Making Arrow C++ Builds Simpler, Smaller, and Faster

Published 29 Jul 2020
By The Apache Arrow PMC (pmc)

Over the last four and a half years, we’ve worked to build a “batteries-included” development platform for high-performance analytics applications in C++. As the scope of the project has grown, we have sometimes taken on additional library dependencies to support a wide variety of systems and data processing tasks.

While these dependencies give us leverage on hard problems, in some cases they have added complexity for projects that depend on Arrow. Some projects have thus been concerned about depending on the Arrow C++ library, particularly if their use of the Arrow library’s features is limited. Indeed, in the earlier stages of the Arrow project development, dependency management issues did cause problems for early adopters.

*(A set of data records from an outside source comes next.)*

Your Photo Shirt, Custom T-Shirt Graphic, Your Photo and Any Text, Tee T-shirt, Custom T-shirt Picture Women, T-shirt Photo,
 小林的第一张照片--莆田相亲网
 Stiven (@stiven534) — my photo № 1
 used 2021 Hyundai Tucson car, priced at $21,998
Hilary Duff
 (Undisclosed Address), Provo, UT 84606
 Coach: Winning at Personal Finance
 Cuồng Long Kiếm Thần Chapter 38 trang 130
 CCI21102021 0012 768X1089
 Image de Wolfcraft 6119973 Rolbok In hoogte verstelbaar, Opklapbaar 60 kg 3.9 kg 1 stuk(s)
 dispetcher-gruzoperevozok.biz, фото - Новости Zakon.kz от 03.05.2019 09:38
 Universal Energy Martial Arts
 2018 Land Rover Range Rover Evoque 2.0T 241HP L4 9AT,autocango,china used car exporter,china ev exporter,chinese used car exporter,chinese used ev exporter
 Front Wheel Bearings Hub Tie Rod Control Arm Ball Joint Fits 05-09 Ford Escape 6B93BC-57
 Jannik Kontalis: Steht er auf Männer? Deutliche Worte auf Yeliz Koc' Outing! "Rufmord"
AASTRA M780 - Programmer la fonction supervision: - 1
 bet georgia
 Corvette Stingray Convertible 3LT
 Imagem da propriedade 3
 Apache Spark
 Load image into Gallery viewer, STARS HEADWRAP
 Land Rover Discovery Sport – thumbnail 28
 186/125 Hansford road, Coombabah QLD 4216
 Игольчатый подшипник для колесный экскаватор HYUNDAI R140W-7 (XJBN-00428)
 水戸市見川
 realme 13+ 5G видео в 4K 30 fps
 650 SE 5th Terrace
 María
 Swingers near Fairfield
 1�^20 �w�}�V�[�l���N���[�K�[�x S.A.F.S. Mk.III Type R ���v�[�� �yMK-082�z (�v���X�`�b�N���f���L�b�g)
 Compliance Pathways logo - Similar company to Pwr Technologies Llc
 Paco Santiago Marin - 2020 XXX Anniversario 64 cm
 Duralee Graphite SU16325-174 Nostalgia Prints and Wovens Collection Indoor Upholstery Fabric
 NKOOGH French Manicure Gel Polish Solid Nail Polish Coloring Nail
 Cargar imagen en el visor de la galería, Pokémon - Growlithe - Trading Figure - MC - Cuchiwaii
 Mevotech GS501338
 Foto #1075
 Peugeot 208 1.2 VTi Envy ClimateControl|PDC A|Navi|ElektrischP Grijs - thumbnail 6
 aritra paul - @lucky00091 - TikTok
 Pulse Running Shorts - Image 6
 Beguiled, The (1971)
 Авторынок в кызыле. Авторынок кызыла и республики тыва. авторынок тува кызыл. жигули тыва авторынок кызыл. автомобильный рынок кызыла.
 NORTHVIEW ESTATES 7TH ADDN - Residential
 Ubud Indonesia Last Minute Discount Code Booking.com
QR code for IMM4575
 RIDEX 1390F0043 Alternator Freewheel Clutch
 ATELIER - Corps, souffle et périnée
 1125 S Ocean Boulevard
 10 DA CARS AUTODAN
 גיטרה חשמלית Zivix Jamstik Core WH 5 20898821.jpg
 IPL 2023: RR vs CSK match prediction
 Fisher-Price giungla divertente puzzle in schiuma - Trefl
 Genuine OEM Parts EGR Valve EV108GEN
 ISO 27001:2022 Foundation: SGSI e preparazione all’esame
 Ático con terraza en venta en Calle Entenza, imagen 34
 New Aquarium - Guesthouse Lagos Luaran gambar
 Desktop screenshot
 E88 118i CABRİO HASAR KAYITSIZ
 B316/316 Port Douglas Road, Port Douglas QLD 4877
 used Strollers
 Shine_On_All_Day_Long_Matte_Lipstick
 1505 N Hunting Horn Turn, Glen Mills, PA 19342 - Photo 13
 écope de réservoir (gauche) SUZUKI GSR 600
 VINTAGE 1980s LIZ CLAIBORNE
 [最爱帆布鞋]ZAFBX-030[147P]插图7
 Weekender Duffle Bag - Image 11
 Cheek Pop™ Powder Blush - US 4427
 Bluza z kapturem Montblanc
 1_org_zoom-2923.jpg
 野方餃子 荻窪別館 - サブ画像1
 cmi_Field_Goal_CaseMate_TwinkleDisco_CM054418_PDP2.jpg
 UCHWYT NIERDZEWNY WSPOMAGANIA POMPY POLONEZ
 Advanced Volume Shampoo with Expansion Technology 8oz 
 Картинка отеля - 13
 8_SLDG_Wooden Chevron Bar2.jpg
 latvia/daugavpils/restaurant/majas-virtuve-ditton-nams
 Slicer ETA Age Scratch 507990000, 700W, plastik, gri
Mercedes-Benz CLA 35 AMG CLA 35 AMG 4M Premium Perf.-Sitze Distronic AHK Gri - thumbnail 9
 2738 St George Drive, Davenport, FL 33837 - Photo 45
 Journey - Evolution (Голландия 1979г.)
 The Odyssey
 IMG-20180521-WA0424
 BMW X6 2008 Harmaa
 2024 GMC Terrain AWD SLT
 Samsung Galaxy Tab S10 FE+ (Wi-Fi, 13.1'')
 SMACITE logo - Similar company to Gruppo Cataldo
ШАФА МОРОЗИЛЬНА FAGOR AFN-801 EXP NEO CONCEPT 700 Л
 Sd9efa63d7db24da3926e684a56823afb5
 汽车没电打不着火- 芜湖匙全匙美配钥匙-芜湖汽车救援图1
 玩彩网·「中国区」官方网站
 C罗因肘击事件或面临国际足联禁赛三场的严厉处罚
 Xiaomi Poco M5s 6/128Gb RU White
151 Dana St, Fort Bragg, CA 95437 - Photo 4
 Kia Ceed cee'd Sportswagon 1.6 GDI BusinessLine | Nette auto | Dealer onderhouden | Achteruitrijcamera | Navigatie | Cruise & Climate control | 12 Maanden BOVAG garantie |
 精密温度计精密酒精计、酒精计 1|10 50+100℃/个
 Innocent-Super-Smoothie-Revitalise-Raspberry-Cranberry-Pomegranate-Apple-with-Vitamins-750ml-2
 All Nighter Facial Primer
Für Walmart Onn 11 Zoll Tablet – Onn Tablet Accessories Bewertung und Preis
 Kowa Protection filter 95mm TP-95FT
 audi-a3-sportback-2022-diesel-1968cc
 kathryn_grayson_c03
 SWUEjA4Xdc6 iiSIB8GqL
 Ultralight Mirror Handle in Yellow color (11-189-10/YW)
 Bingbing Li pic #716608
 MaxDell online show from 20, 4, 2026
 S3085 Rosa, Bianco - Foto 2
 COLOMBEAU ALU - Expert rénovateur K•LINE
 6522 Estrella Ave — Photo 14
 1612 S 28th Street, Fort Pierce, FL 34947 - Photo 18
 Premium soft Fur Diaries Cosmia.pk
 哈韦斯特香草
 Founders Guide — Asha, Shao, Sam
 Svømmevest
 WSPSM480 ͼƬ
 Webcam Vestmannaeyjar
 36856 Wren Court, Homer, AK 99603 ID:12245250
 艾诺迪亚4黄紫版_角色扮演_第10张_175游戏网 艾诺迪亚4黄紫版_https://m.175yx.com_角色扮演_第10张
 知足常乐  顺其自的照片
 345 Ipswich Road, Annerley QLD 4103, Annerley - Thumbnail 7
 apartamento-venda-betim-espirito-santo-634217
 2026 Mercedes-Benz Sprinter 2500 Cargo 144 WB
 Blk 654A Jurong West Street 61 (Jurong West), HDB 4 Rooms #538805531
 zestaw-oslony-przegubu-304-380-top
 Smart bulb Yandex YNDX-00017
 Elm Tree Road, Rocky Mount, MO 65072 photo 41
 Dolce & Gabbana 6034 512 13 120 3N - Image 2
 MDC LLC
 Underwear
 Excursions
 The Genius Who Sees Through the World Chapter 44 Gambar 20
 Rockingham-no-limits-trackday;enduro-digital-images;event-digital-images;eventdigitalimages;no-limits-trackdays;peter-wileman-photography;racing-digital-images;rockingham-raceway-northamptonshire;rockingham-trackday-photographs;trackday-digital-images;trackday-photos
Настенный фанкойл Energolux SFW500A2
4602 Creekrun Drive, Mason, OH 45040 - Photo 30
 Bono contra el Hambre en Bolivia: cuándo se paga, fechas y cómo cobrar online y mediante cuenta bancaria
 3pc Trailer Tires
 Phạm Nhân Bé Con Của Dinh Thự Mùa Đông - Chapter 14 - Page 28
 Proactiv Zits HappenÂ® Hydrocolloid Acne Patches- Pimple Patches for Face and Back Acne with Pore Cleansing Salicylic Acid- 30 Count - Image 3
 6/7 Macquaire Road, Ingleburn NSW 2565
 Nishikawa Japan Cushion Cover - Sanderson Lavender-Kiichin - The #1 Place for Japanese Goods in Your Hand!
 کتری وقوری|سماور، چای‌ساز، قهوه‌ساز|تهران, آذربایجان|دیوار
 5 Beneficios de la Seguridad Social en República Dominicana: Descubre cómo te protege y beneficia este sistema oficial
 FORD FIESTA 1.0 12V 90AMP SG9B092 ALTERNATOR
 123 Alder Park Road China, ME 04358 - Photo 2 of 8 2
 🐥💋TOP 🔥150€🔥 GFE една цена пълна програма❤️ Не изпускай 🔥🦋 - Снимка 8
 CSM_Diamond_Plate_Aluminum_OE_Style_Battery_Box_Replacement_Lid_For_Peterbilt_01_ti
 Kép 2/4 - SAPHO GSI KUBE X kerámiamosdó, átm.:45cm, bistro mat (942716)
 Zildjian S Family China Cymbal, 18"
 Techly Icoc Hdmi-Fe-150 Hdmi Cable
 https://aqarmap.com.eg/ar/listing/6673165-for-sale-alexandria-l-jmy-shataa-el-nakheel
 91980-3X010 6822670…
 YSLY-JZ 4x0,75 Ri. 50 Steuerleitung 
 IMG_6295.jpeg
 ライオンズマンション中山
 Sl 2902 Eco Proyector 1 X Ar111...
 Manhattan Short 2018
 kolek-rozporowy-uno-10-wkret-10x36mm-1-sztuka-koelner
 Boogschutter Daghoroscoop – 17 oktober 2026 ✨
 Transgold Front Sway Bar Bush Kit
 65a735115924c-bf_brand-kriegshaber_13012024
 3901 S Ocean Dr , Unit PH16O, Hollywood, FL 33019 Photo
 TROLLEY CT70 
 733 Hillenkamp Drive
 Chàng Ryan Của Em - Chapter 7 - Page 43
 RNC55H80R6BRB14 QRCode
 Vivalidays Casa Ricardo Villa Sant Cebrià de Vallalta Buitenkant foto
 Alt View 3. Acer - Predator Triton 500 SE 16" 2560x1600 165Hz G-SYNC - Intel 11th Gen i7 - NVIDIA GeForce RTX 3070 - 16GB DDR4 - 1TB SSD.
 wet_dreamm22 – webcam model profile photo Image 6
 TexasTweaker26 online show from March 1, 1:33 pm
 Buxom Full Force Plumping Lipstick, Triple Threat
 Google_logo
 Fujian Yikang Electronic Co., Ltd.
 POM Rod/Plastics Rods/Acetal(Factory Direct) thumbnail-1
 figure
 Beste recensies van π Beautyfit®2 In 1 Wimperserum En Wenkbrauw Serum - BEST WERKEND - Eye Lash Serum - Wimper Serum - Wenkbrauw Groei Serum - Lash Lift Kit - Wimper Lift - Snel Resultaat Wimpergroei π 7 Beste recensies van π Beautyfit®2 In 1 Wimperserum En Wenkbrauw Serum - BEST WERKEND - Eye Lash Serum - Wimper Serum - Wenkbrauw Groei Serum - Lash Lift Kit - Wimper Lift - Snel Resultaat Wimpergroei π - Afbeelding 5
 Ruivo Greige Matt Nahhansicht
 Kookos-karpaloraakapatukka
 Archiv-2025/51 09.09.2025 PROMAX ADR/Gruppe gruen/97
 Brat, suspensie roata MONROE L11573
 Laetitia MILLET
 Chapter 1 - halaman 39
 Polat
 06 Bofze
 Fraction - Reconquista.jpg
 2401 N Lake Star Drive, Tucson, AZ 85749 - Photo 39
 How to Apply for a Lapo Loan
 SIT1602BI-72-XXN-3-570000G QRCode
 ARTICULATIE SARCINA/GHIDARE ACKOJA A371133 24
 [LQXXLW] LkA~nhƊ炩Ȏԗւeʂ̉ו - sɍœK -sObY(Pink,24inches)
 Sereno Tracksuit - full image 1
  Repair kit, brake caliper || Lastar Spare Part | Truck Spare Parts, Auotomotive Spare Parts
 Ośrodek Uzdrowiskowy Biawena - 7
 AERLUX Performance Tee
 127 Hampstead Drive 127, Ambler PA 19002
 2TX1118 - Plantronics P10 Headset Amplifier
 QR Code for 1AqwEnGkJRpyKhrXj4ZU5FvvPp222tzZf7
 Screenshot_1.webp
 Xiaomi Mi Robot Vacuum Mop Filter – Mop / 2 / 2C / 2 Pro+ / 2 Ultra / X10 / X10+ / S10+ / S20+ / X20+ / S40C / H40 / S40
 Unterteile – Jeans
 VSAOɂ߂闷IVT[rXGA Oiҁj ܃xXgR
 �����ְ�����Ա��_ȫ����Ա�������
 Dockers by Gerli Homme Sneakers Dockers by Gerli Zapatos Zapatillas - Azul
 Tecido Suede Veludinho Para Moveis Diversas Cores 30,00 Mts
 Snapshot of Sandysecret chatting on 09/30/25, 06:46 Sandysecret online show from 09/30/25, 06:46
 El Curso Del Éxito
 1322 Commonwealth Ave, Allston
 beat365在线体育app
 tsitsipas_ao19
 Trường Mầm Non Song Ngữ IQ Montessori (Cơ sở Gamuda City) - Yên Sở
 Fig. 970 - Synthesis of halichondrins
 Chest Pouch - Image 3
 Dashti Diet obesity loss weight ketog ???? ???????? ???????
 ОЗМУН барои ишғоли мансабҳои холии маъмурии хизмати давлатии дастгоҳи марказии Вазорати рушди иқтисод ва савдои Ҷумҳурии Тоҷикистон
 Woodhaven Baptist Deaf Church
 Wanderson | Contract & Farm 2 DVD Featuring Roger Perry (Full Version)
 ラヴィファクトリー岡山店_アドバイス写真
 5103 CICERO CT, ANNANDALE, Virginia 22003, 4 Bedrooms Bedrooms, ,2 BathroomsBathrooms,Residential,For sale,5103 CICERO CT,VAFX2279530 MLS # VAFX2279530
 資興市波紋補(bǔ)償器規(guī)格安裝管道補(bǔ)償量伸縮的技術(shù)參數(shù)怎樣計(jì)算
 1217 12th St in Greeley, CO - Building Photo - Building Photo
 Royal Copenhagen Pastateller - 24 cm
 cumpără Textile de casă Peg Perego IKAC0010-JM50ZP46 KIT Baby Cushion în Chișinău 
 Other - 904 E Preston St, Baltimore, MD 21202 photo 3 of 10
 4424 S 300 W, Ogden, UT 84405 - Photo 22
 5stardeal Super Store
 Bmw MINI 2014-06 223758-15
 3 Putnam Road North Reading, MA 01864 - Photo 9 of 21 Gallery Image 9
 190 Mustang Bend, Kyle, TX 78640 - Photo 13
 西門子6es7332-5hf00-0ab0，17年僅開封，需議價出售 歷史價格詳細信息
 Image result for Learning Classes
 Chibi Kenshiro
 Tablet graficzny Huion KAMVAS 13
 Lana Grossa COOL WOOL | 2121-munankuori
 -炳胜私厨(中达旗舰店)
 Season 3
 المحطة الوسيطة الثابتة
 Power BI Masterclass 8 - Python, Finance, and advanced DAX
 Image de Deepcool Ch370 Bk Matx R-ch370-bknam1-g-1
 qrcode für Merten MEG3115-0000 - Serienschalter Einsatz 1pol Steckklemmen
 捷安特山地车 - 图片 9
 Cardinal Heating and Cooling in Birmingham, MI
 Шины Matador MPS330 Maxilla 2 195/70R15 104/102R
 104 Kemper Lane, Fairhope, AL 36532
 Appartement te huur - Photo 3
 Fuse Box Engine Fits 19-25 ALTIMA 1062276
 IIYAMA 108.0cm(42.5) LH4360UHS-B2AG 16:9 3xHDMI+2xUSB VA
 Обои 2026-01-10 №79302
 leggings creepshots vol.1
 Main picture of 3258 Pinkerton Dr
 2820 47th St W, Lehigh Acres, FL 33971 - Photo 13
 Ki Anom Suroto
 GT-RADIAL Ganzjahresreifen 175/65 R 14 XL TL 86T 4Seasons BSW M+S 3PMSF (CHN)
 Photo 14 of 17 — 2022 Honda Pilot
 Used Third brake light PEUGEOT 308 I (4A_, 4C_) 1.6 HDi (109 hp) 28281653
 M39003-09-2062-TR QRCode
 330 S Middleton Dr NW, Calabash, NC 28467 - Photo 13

We want developers to trust that they can use and depend on our libraries, and that doing so doesn’t add a burden for their own project maintenance or for their users. Over the last year, we have undertaken a number of significant projects to accommodate the different ways that people want to depend on Arrow C++. We’ve aimed to make the build process simple by default, without requiring special environment setup, yet also highly configurable for those who need to specialize. This includes a zero-dependency option for projects that wish to use the Arrow C++ core but take on no transitive dependencies. We’ve also worked to make builds faster and more compact, even as we continue to add new functionality.

This post covers many of the efforts we’ve made, both in the C++ libraries and in the Arrow Python and R packages that depend on them. Compared to a year ago, the build experience is much more reliable on a wider range of platforms, requires fewer dependencies, and yields smaller package sizes.

Minimal default build options

One rough edge for people using Arrow as a dependency was that many optional project components were enabled in the build by default, thus requiring any extra dependencies of those optional components. Rather than expecting users to disable optional components one by one, we have made the default for all optional components to be OFF so that the default configuration is a dependency-free minimal core build.

The only third-party library enabled by default is jemalloc, the project’s recommended memory allocator (except on Windows, where it is also disabled). Given that Arrow applications often process large volumes of data, we have found additionally that using memory allocators provided by projects like jemalloc and mimalloc yield significantly better performance over the default system allocators. Even so, this can also be disabled if desired.

To demonstrate a minimal build, we have provided a Dockerfile which can be used to build the project requiring only CMake and a C++ compiler with zero dependencies. Additionally, we have included an example of including Arrow as an external project dependency in another CMake project.

Flexible dependency configuration in CMake

As part of improving our CMake-based build system, we have made the configuration of build dependencies both flexible and consistent for different users’ needs. In some cases, developers want Arrow to build against dependencies provided by an external package manager, such as apt in Debian-based Linux distributions. In other cases, developers may want to avoid any quirks of system libraries and build all dependencies together with the Arrow build.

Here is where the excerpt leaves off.